A credit report can seem complicated and daunting at first, but it shouldn’t be feared. Lenders will always use your credit report when checking if you’re eligible for any form of loan. However, don’t worry about what they contain or how they’re used.

Personal Information

Firstly, the credit report is used as a tool for identifying you. It features your legal name, home address, employment information, birth date, and national insurance number.

This part of the application process does not really effect the actual calculation of a credit score. Although, it can determine whether or not the information that you have given to the lender when you applied for new credit is accurate.

All of this information needs to be complete and 100% truthful. Employment information is also important. Creditors must confirm that the individual provided with a loan has a means of paying it back.

Credit Accounts

One of the details on your report will be a history of your previous credit such as credit cards, a car loan or any other loans. Also included is current credit including the date it was started. It includes the amount you borrowed, your current balance and a history of your recent payments.
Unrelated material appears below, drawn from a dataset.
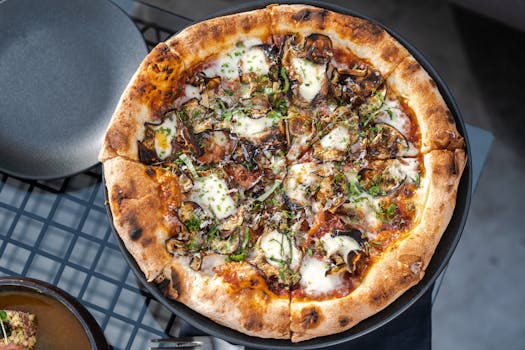 Close-up of a mouth-watering mushroom pizza with mozzarella and herbs on a rustic table.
This will also show if you’ve been late in making repayments which is important to lenders when assessing if you can afford to repay. If you’ve had trouble repaying in the past, it doesn’t mean you can’t borrow in future, just that the amount the lender will give you may be smaller to better fit your income.

There will also be a list of everyone who has run credit for you over the last two years, including voluntary inquiries (requests you have made) and involuntary inquiries (when a lender or other agency requests your report).

Public Records & Collection History

This information is also available from public records, and includes bankruptcies, insolvency, home repossessions and unpaid debt or if you have ever committed fraud. This is all important information that lenders will use when it comes to reviewing your credit report to determine whether they are likely to provide you with additional credit such as a loan.

Ultimately, your credit score and report will tell creditors what types of credit you have used. It will show whether or not your accounts are in good standing. This will help to show how dependant you are on credit. It can reveal how reliable you are at repayments, and whether you have recently been sourcing new forms of credit. For example, if you apply for a short term loan this will leave a footprint on your credit report for 12 months – whether you are accepted or not.